Items from a data source

──────────

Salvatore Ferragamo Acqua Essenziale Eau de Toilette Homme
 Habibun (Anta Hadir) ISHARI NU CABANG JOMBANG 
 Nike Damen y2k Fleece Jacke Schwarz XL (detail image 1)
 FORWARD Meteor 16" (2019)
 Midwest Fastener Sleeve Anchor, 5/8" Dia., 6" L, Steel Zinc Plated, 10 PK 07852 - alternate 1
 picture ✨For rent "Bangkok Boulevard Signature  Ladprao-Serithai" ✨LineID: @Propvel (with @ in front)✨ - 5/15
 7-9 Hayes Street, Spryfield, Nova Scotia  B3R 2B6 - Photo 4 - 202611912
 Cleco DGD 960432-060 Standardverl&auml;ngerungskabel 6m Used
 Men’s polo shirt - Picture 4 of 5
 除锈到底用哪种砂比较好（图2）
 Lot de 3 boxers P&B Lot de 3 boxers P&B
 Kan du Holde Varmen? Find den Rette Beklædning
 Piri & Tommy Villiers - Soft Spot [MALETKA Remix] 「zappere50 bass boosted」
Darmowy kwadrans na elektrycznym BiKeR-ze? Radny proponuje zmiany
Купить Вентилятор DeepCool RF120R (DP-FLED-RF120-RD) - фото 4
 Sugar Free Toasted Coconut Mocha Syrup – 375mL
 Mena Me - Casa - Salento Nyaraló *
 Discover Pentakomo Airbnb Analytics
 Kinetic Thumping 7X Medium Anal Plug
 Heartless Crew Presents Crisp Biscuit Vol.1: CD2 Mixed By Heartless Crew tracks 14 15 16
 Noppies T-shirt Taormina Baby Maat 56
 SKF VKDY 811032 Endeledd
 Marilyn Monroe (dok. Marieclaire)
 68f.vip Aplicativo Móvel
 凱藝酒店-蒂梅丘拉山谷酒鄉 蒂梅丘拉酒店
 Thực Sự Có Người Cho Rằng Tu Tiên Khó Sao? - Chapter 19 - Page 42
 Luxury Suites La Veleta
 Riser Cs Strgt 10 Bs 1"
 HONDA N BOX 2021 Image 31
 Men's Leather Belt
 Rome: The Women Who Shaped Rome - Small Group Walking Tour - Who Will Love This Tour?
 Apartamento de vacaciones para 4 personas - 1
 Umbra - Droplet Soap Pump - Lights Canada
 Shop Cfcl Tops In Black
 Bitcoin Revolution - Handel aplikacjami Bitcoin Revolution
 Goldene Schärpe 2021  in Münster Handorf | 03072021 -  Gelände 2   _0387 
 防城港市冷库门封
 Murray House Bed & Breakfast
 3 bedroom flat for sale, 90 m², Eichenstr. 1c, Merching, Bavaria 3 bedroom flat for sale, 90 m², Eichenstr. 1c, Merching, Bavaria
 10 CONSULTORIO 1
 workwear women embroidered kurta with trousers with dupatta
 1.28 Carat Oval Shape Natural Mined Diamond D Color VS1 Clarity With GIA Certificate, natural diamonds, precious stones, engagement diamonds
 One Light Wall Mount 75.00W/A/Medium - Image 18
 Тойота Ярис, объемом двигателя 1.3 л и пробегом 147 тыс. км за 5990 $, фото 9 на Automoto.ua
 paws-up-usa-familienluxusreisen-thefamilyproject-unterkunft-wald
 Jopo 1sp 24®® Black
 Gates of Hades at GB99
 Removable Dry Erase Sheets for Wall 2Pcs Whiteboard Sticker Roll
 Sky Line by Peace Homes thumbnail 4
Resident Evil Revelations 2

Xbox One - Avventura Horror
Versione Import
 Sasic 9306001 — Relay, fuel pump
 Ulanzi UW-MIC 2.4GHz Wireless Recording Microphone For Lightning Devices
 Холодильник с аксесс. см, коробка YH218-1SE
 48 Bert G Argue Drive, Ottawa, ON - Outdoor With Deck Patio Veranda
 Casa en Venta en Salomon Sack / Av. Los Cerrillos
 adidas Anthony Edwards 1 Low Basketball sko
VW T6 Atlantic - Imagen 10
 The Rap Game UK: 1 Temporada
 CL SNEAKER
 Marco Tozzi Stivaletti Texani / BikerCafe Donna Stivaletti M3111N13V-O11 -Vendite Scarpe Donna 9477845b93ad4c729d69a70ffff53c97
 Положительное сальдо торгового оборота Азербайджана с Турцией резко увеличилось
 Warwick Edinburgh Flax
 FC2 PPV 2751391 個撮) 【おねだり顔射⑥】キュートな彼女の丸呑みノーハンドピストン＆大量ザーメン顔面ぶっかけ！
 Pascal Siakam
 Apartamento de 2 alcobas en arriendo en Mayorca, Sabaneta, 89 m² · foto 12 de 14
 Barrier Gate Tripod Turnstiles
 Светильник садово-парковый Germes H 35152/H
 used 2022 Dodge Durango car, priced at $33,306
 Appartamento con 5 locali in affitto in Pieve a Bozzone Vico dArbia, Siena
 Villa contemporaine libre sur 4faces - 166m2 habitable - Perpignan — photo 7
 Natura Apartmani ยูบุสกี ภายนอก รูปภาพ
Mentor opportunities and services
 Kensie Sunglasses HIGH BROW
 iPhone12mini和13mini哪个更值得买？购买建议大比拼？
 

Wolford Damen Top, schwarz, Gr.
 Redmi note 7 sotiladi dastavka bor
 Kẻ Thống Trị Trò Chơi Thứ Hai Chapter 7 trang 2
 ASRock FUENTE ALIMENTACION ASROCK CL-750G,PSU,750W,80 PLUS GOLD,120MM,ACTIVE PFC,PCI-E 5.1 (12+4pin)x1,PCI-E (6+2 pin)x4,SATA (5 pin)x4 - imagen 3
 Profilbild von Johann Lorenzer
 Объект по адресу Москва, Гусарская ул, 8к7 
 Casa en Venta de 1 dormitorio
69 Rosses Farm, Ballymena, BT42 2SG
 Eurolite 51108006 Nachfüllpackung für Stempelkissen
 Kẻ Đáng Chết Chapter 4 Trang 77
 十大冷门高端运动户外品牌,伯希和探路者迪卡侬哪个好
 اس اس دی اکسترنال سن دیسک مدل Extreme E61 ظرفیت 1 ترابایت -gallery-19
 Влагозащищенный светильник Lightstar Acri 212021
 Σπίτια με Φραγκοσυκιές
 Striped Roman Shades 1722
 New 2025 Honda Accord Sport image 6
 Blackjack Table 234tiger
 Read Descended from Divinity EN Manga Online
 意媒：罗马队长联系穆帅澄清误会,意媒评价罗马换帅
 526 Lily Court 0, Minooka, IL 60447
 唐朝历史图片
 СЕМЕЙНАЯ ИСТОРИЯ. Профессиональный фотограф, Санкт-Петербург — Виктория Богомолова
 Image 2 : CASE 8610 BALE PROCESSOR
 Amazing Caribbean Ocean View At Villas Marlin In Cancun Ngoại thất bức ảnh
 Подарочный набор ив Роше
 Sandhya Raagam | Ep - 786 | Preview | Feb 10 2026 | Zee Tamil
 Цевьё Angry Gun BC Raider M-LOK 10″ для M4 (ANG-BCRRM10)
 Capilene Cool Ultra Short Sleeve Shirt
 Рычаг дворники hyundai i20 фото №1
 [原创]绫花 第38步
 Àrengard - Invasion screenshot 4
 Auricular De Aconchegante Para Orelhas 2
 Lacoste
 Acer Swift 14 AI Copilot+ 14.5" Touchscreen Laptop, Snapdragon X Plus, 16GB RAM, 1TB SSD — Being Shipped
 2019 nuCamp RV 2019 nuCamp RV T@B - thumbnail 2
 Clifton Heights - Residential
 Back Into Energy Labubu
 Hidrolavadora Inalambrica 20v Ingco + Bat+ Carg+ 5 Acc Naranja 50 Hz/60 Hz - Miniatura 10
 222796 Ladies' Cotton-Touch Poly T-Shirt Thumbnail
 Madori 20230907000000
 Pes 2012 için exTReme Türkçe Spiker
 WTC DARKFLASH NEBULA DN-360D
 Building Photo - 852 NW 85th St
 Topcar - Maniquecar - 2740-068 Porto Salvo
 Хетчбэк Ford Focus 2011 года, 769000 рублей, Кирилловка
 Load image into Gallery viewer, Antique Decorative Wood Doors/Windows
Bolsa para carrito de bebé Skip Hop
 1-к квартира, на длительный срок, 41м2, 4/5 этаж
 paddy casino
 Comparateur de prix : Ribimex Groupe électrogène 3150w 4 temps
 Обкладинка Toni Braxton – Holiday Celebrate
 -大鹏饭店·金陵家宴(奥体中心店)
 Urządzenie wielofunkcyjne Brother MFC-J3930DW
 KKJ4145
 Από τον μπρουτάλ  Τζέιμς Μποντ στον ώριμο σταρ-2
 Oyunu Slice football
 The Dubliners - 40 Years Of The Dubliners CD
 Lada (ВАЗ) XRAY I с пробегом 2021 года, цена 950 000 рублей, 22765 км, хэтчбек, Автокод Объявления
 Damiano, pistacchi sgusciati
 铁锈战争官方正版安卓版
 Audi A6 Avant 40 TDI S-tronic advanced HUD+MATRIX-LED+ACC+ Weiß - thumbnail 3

──────────

### Instructions to follow
Where a line above contains the word "Chapter", show that line.

### Solution to the problem
 Thực Sự Có Người Cho Rằng Tu Tiên Khó Sao? - Chapter 19 - Page 42
 Kẻ Thống Trị Trò Chơi Thứ Hai Chapter 7 trang 2
 Kẻ Đáng Chết Chapter 4 Trang 77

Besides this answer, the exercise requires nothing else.